Leggo di tutto, e vedo decine di pellicole, dai grandi classici a quelli più recenti. Dai 14 anni vidi, quando la serie di Romanzo Criminale, le esplosioni si sono ripetute, riuscendo a scoprire altri autori e titoli, Mummy di Xavier Dolan, Birdman, La dolce vita, Fellini, Colazione da Tiffany.. Amo scrivere, ho un libro pieno di appunti, idee, cinque anni fa è arrivata anche una mia sceneggiatura, quando potrò la tirerò fuori. Senza dimenticare la musica, come il protagonista di Summertime, ascolto di tutto, da Tupac Shakur all’indie pop, tipo i The xx. Compongo anche io, ci sono dei pezzi da parte, gli darò luce. D’altronde un attore dovrebbe essere artista a 360°, e non rimanere confinato solo in un ambito.

Non c’è un regista di cui ti piacerebbe ricevere un colpo di telefono?
D’istinto direi Stefano Sollima, mi farebbe fare qualcosa di diverso, e Matteo Garrone, lo adoro.

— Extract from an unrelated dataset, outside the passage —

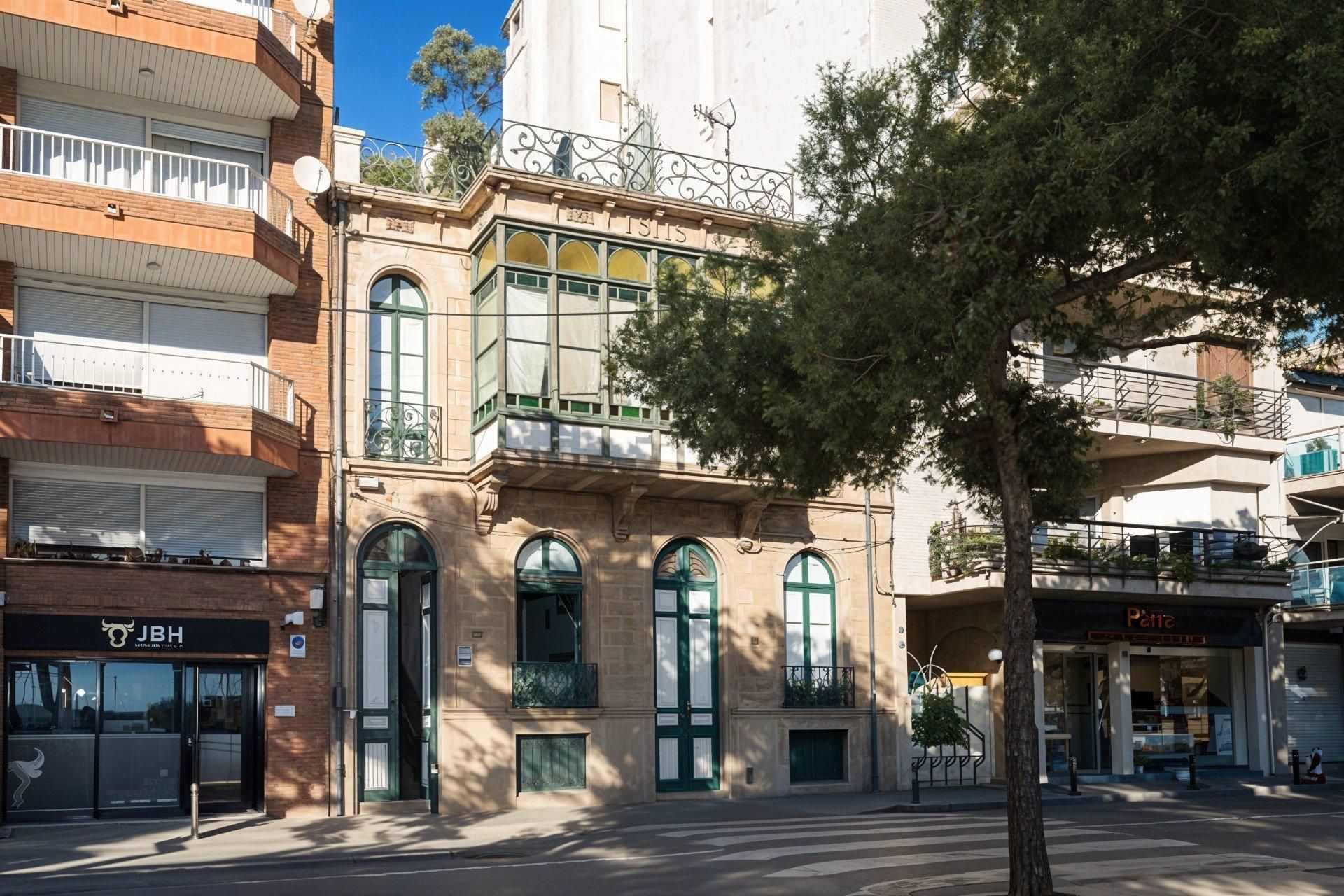 Vista exterior de Casa adosada en venda en Blanes amb Terrassa i Balcó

Ma se non avessi fatto l’attore?
Probabilmente mi sarei buttato sulla regia, piuttosto su altre sfumature di questo mondo. Il fatto di aver fatto, fin da subito, corsi e seminari è servito soprattutto a darmi la disciplina, ad arricchire, portandomi a conoscere ambienti, intellettuali, pensando in maniera diversa e radicalmente. Le opportunità, gli attestati di stima che sto ricevendo, mi ripagano oggi di molte difficoltà vissute nel passato, è difficile spiegare la soddisfazione che si prova, la recitazione è stata come un’ancora di salvezza, per questo voglio regalare emozioni alla gente.

Mai capitato di fare scelte che ti hanno portato da altre parti?
Il fatto di “sfuggire” da dove sono cresciuto, nella zona Mandrione, ad esempio, una delle prime borgate romane. Nella mia adolescenza ne ho combinate tante, ero davvero un ribelle, ma un giorno, però, mi misi di fronte a uno specchio, avevo 17 anni, piansi, e dissi “ora basta”. Dovevo andare dritto per la mia strada, evitare certe situazioni e vedere solo cose positive, in questo sono stato fortunato ad avere una grande donna alle spalle, mia madre, che ci riprendeva sempre col cucchiaio, come si dice. Non rimpiango nulla, le origini, ciò che sono stato, alla fine l’importante è sapere sempre quello che potrai diventare.